__Assignment__: Check every line of the data below for the word "code". Copy the ones that have it.

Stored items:
-*-*-

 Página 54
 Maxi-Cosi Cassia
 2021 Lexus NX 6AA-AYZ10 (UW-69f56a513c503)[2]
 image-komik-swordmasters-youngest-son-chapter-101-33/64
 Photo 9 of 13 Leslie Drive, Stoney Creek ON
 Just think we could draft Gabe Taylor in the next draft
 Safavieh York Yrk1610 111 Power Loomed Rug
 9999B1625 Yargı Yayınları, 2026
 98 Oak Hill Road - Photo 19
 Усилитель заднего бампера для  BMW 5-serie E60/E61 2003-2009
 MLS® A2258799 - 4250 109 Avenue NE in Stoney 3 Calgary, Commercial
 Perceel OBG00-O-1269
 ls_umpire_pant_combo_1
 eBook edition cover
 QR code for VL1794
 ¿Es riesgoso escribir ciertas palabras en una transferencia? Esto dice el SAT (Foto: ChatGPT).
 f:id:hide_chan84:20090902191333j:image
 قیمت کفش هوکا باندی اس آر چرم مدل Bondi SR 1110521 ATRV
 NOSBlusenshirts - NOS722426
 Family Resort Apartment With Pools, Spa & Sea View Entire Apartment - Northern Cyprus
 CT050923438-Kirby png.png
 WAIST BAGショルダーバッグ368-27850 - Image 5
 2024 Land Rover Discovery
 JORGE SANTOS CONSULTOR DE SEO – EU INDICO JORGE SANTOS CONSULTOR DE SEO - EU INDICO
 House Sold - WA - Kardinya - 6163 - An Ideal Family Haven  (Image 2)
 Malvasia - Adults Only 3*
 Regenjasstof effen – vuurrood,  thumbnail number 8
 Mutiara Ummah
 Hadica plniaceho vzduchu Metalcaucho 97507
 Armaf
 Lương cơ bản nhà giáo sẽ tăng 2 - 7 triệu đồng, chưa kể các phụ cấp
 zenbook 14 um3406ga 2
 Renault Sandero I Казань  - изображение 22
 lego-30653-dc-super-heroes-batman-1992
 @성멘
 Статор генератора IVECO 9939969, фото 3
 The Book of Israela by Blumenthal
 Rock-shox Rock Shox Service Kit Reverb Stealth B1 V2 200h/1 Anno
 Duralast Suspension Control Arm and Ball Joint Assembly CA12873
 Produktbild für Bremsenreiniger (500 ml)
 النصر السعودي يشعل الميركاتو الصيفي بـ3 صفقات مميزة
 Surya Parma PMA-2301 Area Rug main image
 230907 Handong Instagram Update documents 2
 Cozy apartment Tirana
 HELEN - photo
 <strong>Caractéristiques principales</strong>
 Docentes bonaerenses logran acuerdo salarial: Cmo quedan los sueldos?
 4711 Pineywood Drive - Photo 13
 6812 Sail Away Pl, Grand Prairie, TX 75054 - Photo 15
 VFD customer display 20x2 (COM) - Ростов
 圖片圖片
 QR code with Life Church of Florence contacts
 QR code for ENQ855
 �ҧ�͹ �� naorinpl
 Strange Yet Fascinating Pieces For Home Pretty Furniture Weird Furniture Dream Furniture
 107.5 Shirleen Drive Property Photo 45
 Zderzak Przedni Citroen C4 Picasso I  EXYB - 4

-*-*-

__Output for this exercise__:
 QR code for VL1794
 QR code with Life Church of Florence contacts
 QR code for ENQ855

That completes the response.